Still, it would be wrong
to understand these events as though they occurred
in a vacuum. Love of Zion and the yearning for
a return to it have always constituted a major
theme in Judaism. Throughout the ages sporadic
attempts were made by individuals and groups
- often under the most frightful conditions
- to "go up to the Land" and settle
it. In the 19th and 20th centuries organized
efforts were made to achieve that end, and their
description forms the bulk of this chapter.
The story of the Return
is fascinating and exciting, and it is hardly
possible to understand and evaluate the meaning
of the State of Israel or what the Jews feel
about it without knowing that story and the
conditions in which it unfolded.
Zionism in its modern sense
was born in August 1897, when the First Zionist
Congress adopted Theodor Herzl's "Basel
Program" which declared that "Zionism
seeks to secure for the Jewish people a publicly
recognized, legally secured home in Palestine."

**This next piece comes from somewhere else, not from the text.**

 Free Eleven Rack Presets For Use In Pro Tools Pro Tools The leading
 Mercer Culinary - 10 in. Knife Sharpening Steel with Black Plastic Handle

Herzl's powerful personality and his audacious,
one-man diplomacy cannot fail to capture the
imagination, but Herzl did not start from scratch.
He was preceded not only by 1,900 years of yearning
for Zion on the part of Jews scattered among
the nations, but also by earlier 19th century
writers who broached the idea of the return
of the Jews to their ancient homeland and even
by some modest beginnings of practical colonization
in Eretz Israel, the Land of Israel.
The Hibbat Zion Movement
Lilienblum Smolenkin became
leader of Hibbat Zion ("Love of Zion"),
a loosely organized movement of Hovevei Zion
("Lovers of Zion") societies in Russia
and Rumania, which favored emigration to Eretz
Israel, as against those who favored the United
States. (Only a small minority of the active
Jewish public opposed emigration altogether).
The First Aliyah
Carrying their theories
into practice, small groups of Hovevei Zion
made their way to Eretz Israel, with the aim
of working on the land. The first organized
group consisted of 14 members of Bilu, which
had been organized in Kharkov in January 1882
as a reaction to the pogroms. (The name Bilu
was derived from the Hebrew initials of Beit
Ya'akov Lekhu ve-Nelkha; (House of Jacob,
come ye and let us go.) By 1884 six settlements
had been established (including Rishon le-Zion,
Gederah and Zikhron Ya'akov), and Petah Tikvah
revived.
These villages would have
collapsed at the outset, however, had it not
been for the aid extended to them by Baron Edmond
de Rothschild of Paris, who had become active
in Jewish affairs immediately after the pogroms
of 1881.
The Old Yishuv
When the vanguard of the
First Aliyah arrived in 1882 there were between
20,000 and 25,000 Jews in the country, two-thirds
of whom lived in Jerusalem. There were smaller
communities in the three other "holy cities"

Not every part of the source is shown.